Global Economy Expert

Timothy Taylor is an American economist. He is managing editor of the Journal of Economic Perspectives, a quarterly academic journal produced at Macalester College and published by the American Economic Association. Taylor received his Bachelor of Arts degree from Haverford College and a master's degree in economics from Stanford University. At Stanford, he was winner of the award for excellent teaching in a large class (more than 30 students) given by the Associated Students of Stanford University. At Minnesota, he was named a Distinguished Lecturer by the Department of Economics and voted Teacher of the Year by the master's degree students at the Hubert H. Humphrey Institute of Public Affairs.
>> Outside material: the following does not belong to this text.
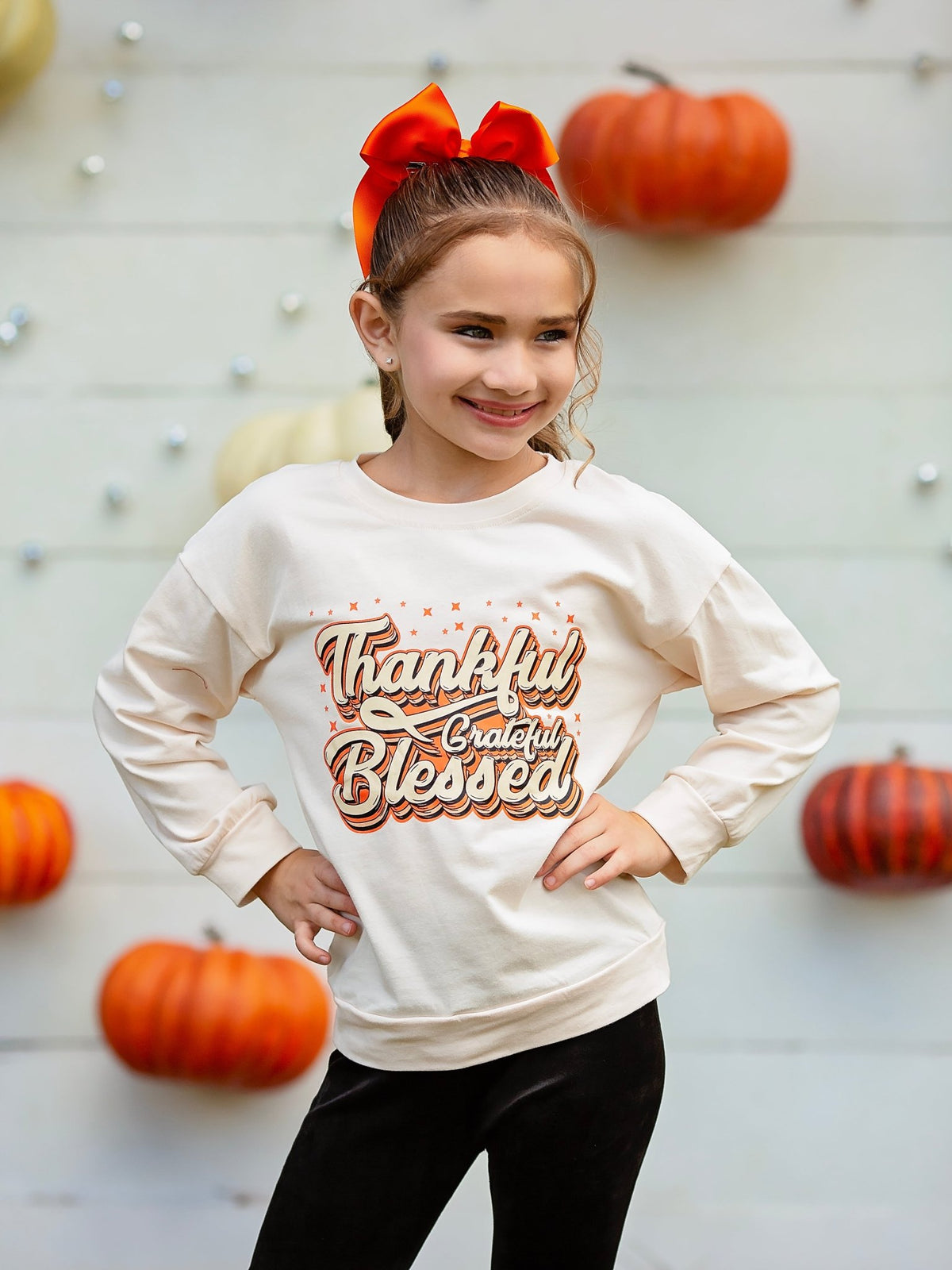 Girl wearing the Thankful Grateful Blessed shirt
Taylor has been a guest speaker for groups of teachers of high school economics, visiting diplomats from eastern Europe, talk-radio shows, and community groups. From 1989 to 1997, Professor Taylor wrote an economics opinion column for the San Jose Mercury-News. He has published multiple lectures on economics through The Teaching Company. With Rudolph Penner and Isabel Sawhill, he is co-author of Updating America's Social Contract (2000), whose first chapter provided an early radical centrist perspective, "An Agenda for the Radical Middle". Taylor is also the author of The Instant Economist: Everything You Need to Know About How the Economy Works, published by the Penguin Group in 2012. The fourth edition of Taylor's Principles of Economics textbook was published by Textbook Media in 2017.